What is required:
Reproduce all of the data below without alteration; exclude every picture.

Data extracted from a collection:

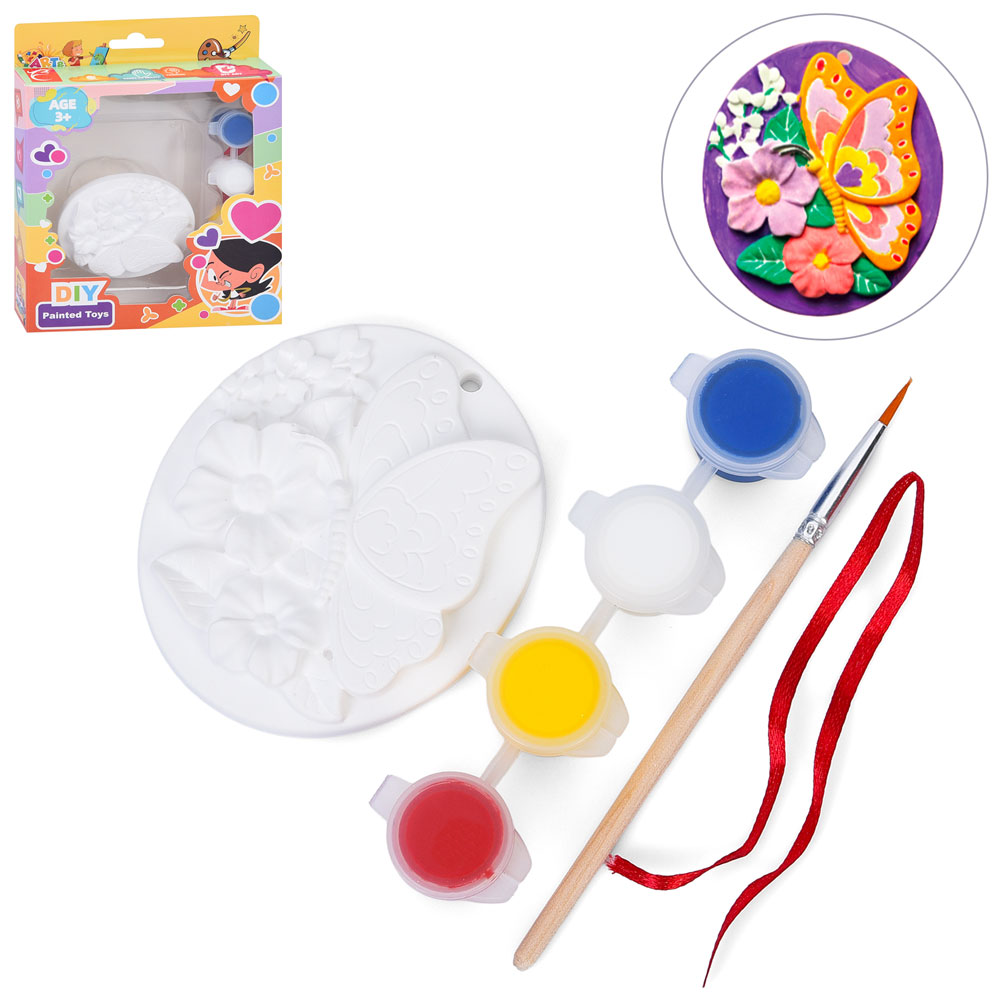 Набір для творчості 5173 (168шт) розмальовка, гипсова картина, Метелик у квітах, 6,5-7,5-1см, фарби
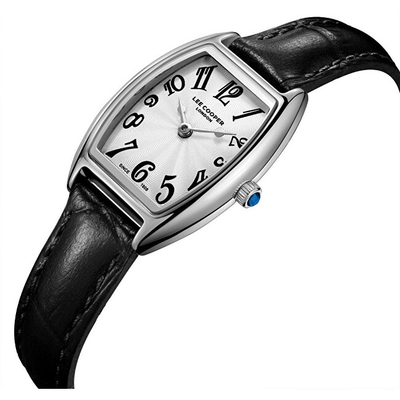 Ora dore Lee Cooper Ginger LC08315.331, quartz analog, rrip lëkure, argjendi e zezë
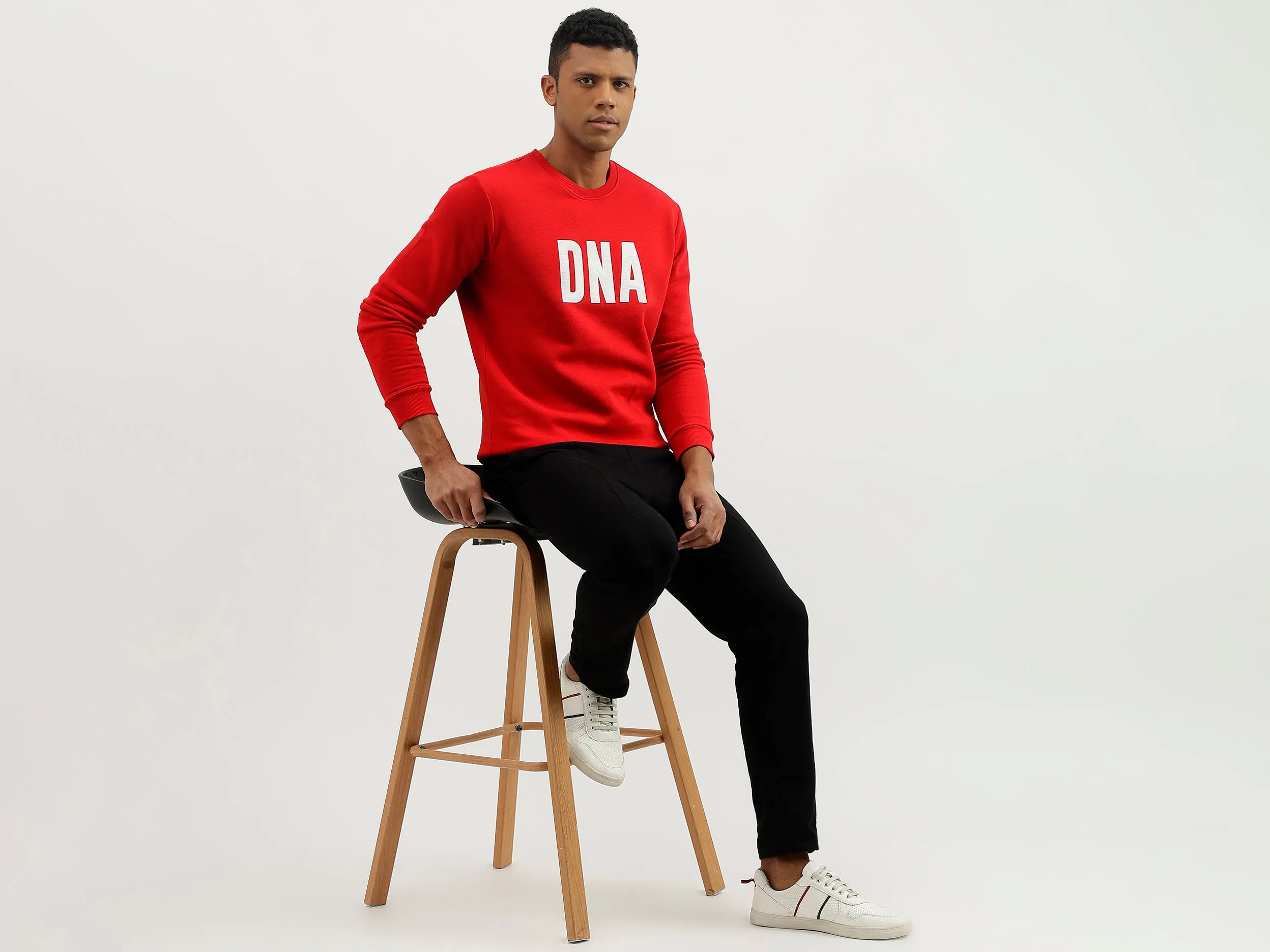 Regular Fit Round Neck Printed Sweatshirt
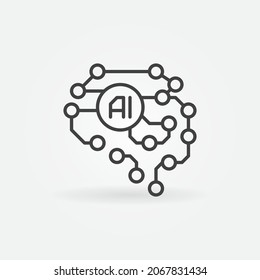 AI Brain outline icon - vector Artificial Intelligence concept linear sign. Side view 
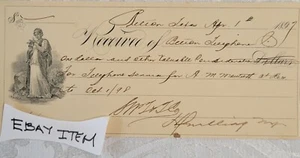 1897 BELTON TEXAS Bankscheck BELTON TELEFON A.M. MONTIETH SIGNIERT - Bild 1 von 2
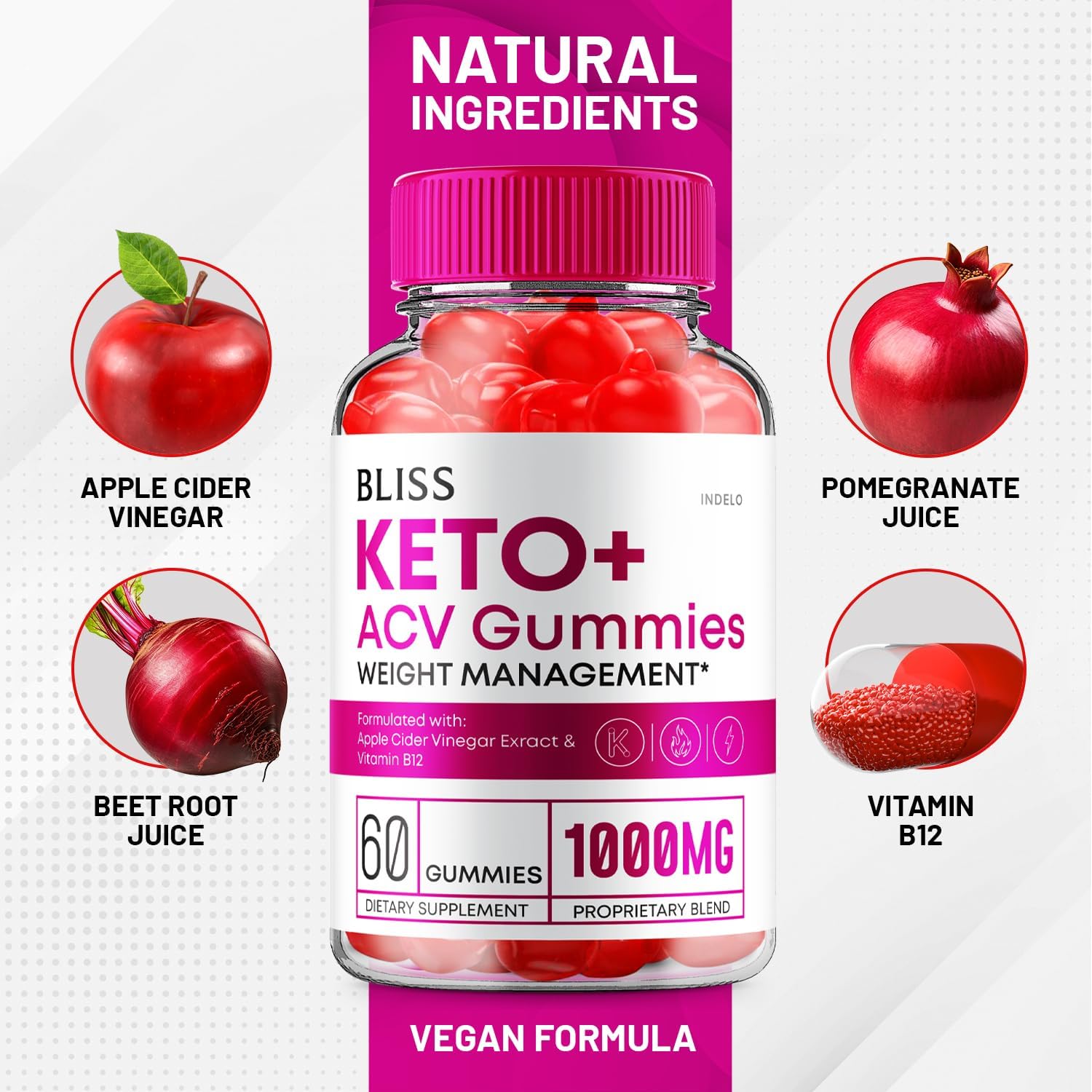 Bliss Keto ACV Gummies for Advanced Slimming Formula - Apple Cider Vinegar Dietary Supplement (60 Gummies)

Exercise response:
 Набір для творчості 5173 (168шт) розмальовка, гипсова картина, Метелик у квітах, 6,5-7,5-1см, фарби
 Ora dore Lee Cooper Ginger LC08315.331, quartz analog, rrip lëkure, argjendi e zezë
 Regular Fit Round Neck Printed Sweatshirt
 AI Brain outline icon - vector Artificial Intelligence concept linear sign. Side view 
 1897 BELTON TEXAS Bankscheck BELTON TELEFON A.M. MONTIETH SIGNIERT - Bild 1 von 2
 Bliss Keto ACV Gummies for Advanced Slimming Formula - Apple Cider Vinegar Dietary Supplement (60 Gummies)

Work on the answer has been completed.